Vue aérienne de l’EPFL, 1992 (Médiathèque EPFL, photo Henri Germond © EPFL)
Vue aérienne de la diagonale, 1992

Lors de la deuxième partie de la construction du campus, les avis sont enfin pris en compte. Quatre demandes de changements sont actées:

  1. Remédier au problème d’orientation en rajoutant de la signalétique et en rabaissant le niveau de la circulation à l’étage +1
  2. Créer un lieu de rencontre commun, qui deviendra plus tard l’esplanade, où la vie étudiante pourrait se cristalliser et se développer.
  3. Reconnecter les bâtiments de l’EPFL avec leur environnement.
  4. Exploiter des ressources de l’énergie solaire passive.

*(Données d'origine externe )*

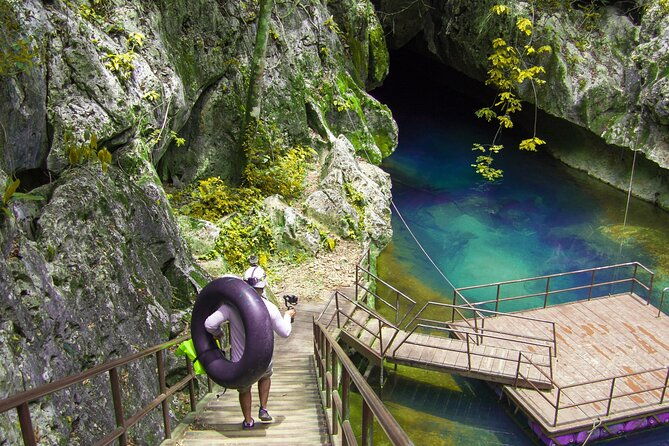 cave-tubing-from-san-ignacio-2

Au final, la première étape aura su répondre parfaitement aux besoins pratiques de l’école, puisant clairement dans l’architecture académique d’après-guerre,  fonctionnelle, rationnelle, modulaire. Le projet de la deuxième étape, quant à lui, remédie au manque d’animation, au côté trop « bunker » de l’architecture initiale. L’Esplanade et la Diagonale se manifestent donc en rupture avec la grille de Zweifel, « ouvrant » le campus au monde extérieur. Une vue de l’évolution du campus année par année est possible sur cette carte interactive.

C’est cette deuxième étape de construction, en opposition à la première phase, qui entraînera le début de l’individualisation des bâtiments. Cette rupture rendra possible la construction du MED, du Swisstech, du Rolex… tous uniques et extravagants dans leur style. Et ce n’est pas près de s’arrêter, les nouveaux bâtiments continuent de fleurir, à la place des forêts d’Ecublens et de Dorigny, car comme dans les années 70 il faut faire face à la popularité, infiniment croissante, des sciences de l’ingénieur.